Thursday, February 19, 2009

Thursday Morning

http://farm4.static.flickr.com/3269/2981177725_1a4181dc58.jpgBeautiful day.

I wish I were outside.

I hope it's not cold.

But my house is a mess.

And I despise the sight of ugly wires!

Help!

Friday, February 13, 2009

Wholly Man


"The Temptation of Jesus." I silently read the subtitle aloud in my book.  Already, my mind was rushing through the context of the New Testament story. "Jesus goes into the desert,  Satan tempts him with bread and jumping off the cliff and the whole 'you can have my kingdom' thing."  I had already gotten my piece out of the story.  If you ask me, Satan was pretty stupid to tempt Jesus.  I mean, he's God for crying out loud.  I considered skipping over it. The Subtitle, "Jesus Begins His work in Galilee," sounded much more interesting. "No, I said I'd read through Matthew." Reluctantly I focused on the first word.  

Somehow I thought that when I read each word of the Bible slowly, it might count for something in Heaven.   Like when I ask Jesus about some instance in my life when I get in Heaven He may reply with something that starts with--Remember when I spent 40 days in the desert?  Perhaps actually reading it slowly will make me remember it, even after death.  

I read down to the sixth verse of chapter 4. That was when I really got into it.   "He has put his angels in charge of you. They will catch you in their hands so that you will not hit your foot on a rock." Satan was tempting Jesus for the second time, inviting him to jump off a cliff.  (Honestly!)  The next few texts read "Psalm 91:11-12." My Bible has these references throughout the Bible and I never bothered to look them up. I thought I understood pretty well what the verses said and I did not need a 2nd source or background info. This time was different though.  It wouldn't hurt and I was curious about it.  Flipping the previous pages I found the passage with no problem.  Psalms 91 starts out with this verse: "Those who go to God Most High for safety will be protected by the Almighty."  Stop.  Is this right?  Psalms 91:11-12, okay that's the verse.  The verse that Satan quotes is in this passage.  I read the whole passage. In Psalms, the you means everyone who goes to God for safety, comfort, love, completeness.

Not just Jesus, but all of us can place claim on Psalms 91. 

Do you realize what Satan is revealing about God?  God, Jesus, Him and all his many aspects is WHOLLY MAN. I've always read the temptation of Jesus and particularly that verse to mean that God was God. So when I read "He has put his angels in charge of you" I said to myself: " Well of course, he's God's son!
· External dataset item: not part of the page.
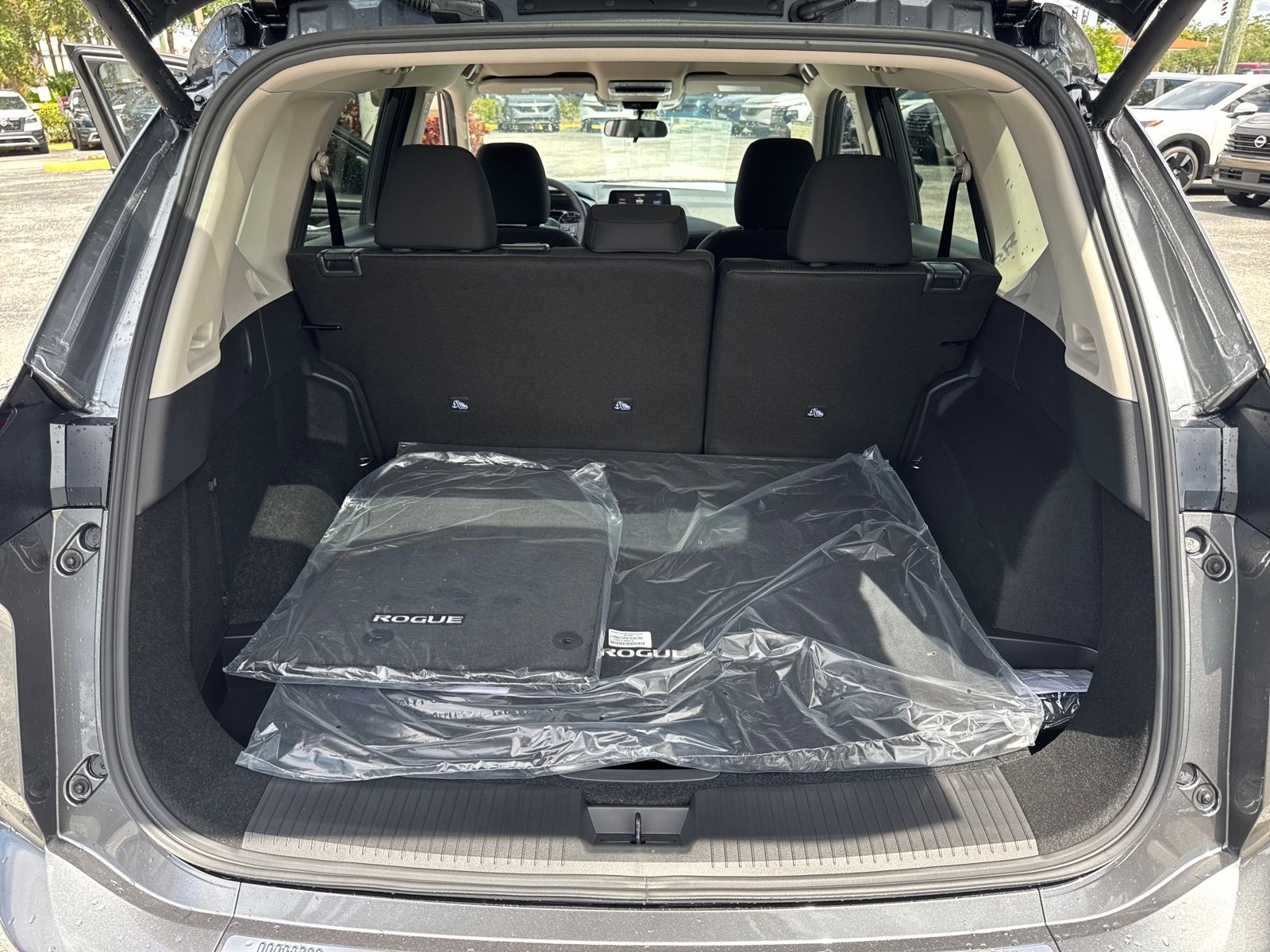 2026 Nissan Rogue SV photo 24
Of Course God has angels surrounding him!"  In my mind Jesus was more like an enlightened version of man than man capable of failing.  This changes the whole concept of the story.   

Jesus is wholly man.  

Jesus gets hungry.   Especially after forty days of fasting I bet he was famished!   I have afriend who did a forty day fast.  She ate soup but it was still a forty day fast.  I love food and I couldn't imaging how hungry and how many cravings I would have after one week let alone forty days.  I bet, as God is the creator of all creation that he loves food too!  I mean fresh baked bread...Goat's meat....Hebrew reuben sandwiches.....how could God not love food?  

Jesus meets pride face to face.

And I get riled at the thought of someone calling something of mine their own.  The same pride the same feeling we get from something we call our own is the same feeling that Jesus dealt with from day to day.  I am proud of my work, my life, my acheivements....sound familiar? Jesus had every right to say this is my handiwork, but he didn't.  At that time he chose not to be wholly God or even half or one quarter God.  At that time and all the way 'til his death, He chose to be 100% Human.  Just like me and everybody else is human. 

Jesus was susceptible to flaunts.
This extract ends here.